After Iranian cities were emptying in fear of an Iraqi chemical attack in 1987, Rafighdoost took the initiative to obtain the chemical precursors for mustard gas and then went back to Khomeini again to seek his approval for what he called “this capability to retaliate.” But Khomeini again said it was “haram” (forbidden) to produce such weapons, and repeated his order forbidding work on nuclear weapons, according to Rafighdoost.
That same tension between Iran’s Shiite religious principles and the IRGC’s focus on Iran’s military requirements surfaced again just a decade later. Khomeini’s successor as supreme leader, Khamenei, had publicly articulated an argument against nuclear weapons on pragmatic national security grounds, because it was not matter of public debate. But at least one senior IRGC researcher believed that Iran needed to have the technical capability to produce nuclear weapons, and, like Rafighdoost during the Iran-Iraq War, he and others undertook research on the problem on their own, as was discussed openly by a key Khamenei ally with The San Francisco Chronicle.
It was Rouhani, then Khamenei’s nuclear coordinator in 2003, who ended that IRGC officer’s project, along with other unauthorized nuclear projects, by cutting off their funding, as a senior IRGC official complained in a conversation intercepted by U.S. intelligence in 2007.
Now, the IRGC is in direct conflict with Rouhani once again, because leading IRGC officials have made little secret of their disapproval of the nuclear deal. Brigadier General Yadollah Javani, the head of the political bureau of the IRGC, has declared that, based on the U.S. record in regard to the JCPOA, the Guard believes Iran “should not think of any negotiations with the United States any longer.”
Based on the opinion survey carried out in February for the University of Maryland, moreover, Iranian public opinion has moved closer to the IRGC’s view of the U.S. and the nuclear deal. Seventy-five percent support a recent law requiring the government to allow fewer international inspections unless the U.S. meets its obligation under the JCPOA. Sixty percent of respondents in that poll say the next president should be someone who is critical of Rouhani’s policies.
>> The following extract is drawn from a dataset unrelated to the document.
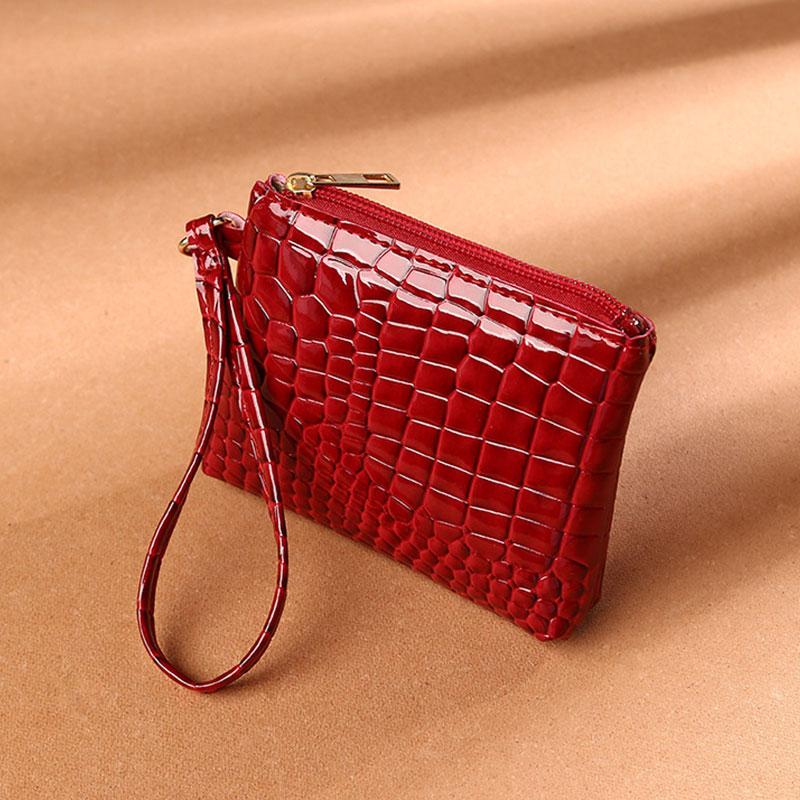 Mini Women'S Wallet Crocodile Print Short Zipper Wrist Small Coin Bag Fashion Retro Pu Leather Ladies Card Holder Coin Purses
It now seems very likely that next month’s presidential election in Iran will elect a conservative critic of Rouhani and Zarif who is more closely aligned with the IRGC’s views on the nuclear deal and the United States. With the Biden administration committed to the long-term U.S. policy of unrelenting economic and military pressure on Iran over its nuclear program, the United States is headed toward yet another — potentially even more dangerous — U.S.-Iran crisis. Meanwhile, the Iran nuclear issue is based on a fiction created and kept alive by Israel in one of history’s most successful campaigns of deception.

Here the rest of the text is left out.